» Your task:
Copy down the listing below exactly. Do not include pictures.

» Raw data:
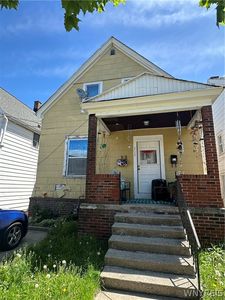119 Domedion Ave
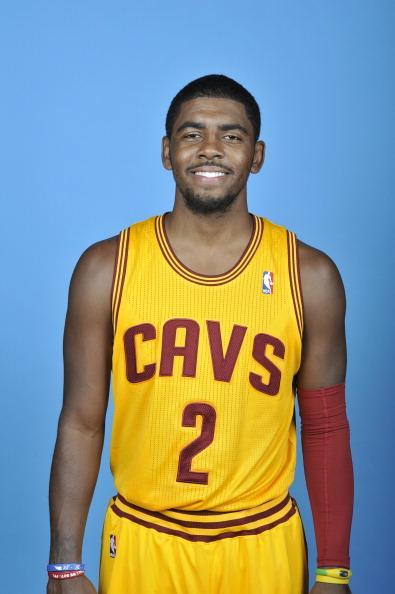 欧文是中国国籍吗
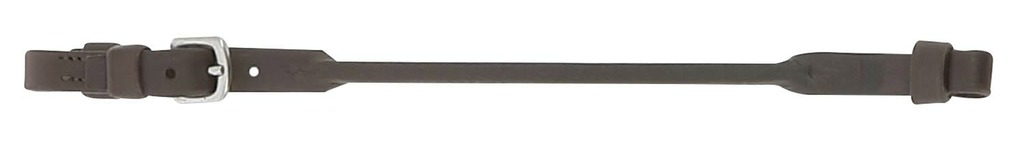 NORTON PRO Lip Strap Havana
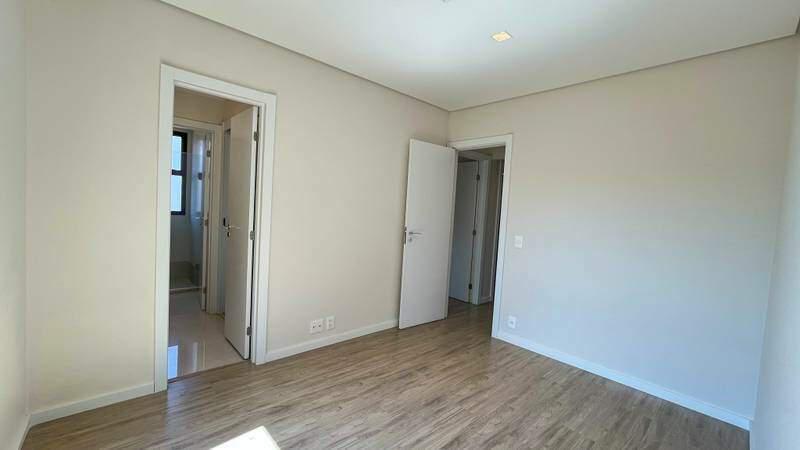 Apartamento, Serra, 4 Quartos, 3 Vagas, 4 Suítes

» Response to the task:
119 Domedion Ave
 欧文是中国国籍吗
 NORTON PRO Lip Strap Havana
 Apartamento, Serra, 4 Quartos, 3 Vagas, 4 Suítes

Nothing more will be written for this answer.